DATA FOR THIS TASK:

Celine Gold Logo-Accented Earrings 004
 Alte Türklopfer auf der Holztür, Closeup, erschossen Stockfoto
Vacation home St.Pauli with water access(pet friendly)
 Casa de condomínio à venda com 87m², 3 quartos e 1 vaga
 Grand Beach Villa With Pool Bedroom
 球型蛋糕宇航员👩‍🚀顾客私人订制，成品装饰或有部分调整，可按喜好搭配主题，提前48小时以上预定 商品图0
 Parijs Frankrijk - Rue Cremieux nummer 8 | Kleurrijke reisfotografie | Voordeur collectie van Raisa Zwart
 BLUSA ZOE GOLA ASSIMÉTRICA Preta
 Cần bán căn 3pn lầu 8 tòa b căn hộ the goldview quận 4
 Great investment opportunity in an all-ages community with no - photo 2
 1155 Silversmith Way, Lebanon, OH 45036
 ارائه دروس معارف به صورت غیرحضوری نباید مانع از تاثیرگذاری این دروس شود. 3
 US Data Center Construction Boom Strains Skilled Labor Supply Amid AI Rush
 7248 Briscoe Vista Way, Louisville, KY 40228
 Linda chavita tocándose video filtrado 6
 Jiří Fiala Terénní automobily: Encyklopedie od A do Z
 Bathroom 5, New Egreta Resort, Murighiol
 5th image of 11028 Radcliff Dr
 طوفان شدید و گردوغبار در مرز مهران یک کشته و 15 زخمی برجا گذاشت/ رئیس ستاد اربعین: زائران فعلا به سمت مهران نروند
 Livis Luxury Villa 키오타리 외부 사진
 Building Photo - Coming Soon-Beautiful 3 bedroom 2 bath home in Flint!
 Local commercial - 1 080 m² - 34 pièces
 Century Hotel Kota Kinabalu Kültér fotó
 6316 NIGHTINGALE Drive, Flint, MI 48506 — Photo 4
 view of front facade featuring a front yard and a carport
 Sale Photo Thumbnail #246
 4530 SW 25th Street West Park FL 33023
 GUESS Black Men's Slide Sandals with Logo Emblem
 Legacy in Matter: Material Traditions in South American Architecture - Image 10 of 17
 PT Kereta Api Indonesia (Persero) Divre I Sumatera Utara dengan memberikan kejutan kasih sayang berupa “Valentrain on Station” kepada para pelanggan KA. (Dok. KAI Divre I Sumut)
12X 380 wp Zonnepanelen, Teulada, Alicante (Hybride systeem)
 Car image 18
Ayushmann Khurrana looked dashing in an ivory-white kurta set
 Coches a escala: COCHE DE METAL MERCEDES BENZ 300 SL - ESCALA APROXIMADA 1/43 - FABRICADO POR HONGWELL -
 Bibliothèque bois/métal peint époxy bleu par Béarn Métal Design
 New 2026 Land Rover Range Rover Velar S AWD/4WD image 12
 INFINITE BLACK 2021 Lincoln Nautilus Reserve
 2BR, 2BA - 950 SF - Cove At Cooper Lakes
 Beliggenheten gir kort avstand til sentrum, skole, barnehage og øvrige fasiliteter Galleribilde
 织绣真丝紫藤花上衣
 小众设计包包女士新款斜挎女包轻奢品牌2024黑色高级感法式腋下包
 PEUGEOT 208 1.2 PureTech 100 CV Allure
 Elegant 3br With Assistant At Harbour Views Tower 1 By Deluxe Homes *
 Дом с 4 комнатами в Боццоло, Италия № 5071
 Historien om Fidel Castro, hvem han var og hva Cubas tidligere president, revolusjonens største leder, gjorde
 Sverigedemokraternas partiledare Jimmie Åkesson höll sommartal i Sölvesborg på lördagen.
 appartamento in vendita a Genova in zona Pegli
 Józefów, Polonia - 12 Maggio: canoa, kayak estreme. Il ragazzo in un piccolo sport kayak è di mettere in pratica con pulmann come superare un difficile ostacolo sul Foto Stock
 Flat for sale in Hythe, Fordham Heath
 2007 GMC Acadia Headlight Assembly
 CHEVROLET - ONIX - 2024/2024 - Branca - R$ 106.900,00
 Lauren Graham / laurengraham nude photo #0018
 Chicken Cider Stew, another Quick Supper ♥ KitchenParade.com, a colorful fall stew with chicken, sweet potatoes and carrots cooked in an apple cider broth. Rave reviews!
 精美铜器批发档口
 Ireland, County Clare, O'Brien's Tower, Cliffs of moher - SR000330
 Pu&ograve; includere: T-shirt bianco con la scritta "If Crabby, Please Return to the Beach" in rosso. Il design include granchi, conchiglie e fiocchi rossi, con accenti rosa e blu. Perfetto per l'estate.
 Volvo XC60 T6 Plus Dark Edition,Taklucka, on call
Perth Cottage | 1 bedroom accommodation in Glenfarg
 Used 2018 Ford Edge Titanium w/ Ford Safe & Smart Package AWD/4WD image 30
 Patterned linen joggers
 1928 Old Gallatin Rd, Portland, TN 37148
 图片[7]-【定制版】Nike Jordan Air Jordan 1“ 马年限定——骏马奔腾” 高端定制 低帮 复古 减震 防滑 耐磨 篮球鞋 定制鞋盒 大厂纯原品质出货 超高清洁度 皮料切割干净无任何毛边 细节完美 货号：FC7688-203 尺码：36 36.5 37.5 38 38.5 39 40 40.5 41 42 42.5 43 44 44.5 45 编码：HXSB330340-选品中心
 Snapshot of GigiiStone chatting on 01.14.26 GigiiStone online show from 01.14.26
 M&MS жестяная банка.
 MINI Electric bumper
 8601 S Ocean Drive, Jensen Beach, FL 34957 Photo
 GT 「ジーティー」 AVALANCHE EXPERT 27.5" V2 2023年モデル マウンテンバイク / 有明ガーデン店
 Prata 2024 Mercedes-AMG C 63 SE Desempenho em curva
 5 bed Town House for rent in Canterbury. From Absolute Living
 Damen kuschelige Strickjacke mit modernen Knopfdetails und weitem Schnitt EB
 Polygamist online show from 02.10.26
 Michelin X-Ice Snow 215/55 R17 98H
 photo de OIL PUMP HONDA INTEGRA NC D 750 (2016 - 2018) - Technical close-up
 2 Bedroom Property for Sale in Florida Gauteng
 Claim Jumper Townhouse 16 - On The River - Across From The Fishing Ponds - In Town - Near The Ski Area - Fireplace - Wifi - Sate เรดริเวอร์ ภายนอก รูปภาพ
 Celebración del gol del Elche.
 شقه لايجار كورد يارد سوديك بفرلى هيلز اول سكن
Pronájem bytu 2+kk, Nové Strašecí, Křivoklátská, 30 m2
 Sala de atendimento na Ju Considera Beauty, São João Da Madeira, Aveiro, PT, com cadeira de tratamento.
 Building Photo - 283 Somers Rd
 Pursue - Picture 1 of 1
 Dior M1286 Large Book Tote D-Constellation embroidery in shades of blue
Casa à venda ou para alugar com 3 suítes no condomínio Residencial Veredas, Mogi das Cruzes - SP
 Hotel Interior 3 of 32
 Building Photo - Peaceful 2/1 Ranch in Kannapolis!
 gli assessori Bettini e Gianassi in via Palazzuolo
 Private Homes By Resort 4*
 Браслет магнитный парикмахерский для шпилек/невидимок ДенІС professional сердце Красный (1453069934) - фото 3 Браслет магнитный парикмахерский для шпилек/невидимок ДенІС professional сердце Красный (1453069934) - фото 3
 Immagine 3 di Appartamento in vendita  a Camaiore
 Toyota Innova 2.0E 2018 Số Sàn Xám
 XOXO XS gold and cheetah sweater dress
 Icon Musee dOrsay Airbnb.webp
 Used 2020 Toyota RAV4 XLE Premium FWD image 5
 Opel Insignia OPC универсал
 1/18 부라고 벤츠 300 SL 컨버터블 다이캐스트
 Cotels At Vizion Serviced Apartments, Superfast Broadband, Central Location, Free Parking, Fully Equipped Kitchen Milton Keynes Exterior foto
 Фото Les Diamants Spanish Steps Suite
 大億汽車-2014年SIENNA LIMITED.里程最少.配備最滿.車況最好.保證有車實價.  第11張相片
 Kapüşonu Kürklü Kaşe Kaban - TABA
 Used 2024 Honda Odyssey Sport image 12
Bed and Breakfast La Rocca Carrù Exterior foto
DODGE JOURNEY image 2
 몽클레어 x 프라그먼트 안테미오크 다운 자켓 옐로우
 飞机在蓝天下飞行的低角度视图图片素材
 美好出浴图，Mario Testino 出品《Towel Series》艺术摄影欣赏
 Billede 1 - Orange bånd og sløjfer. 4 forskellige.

WHAT IS BEING ASKED:
Could you copy every line in the records that holds "Casa"?

YOUR RESPONSE:
 Casa de condomínio à venda com 87m², 3 quartos e 1 vaga
Casa à venda ou para alugar com 3 suítes no condomínio Residencial Veredas, Mogi das Cruzes - SP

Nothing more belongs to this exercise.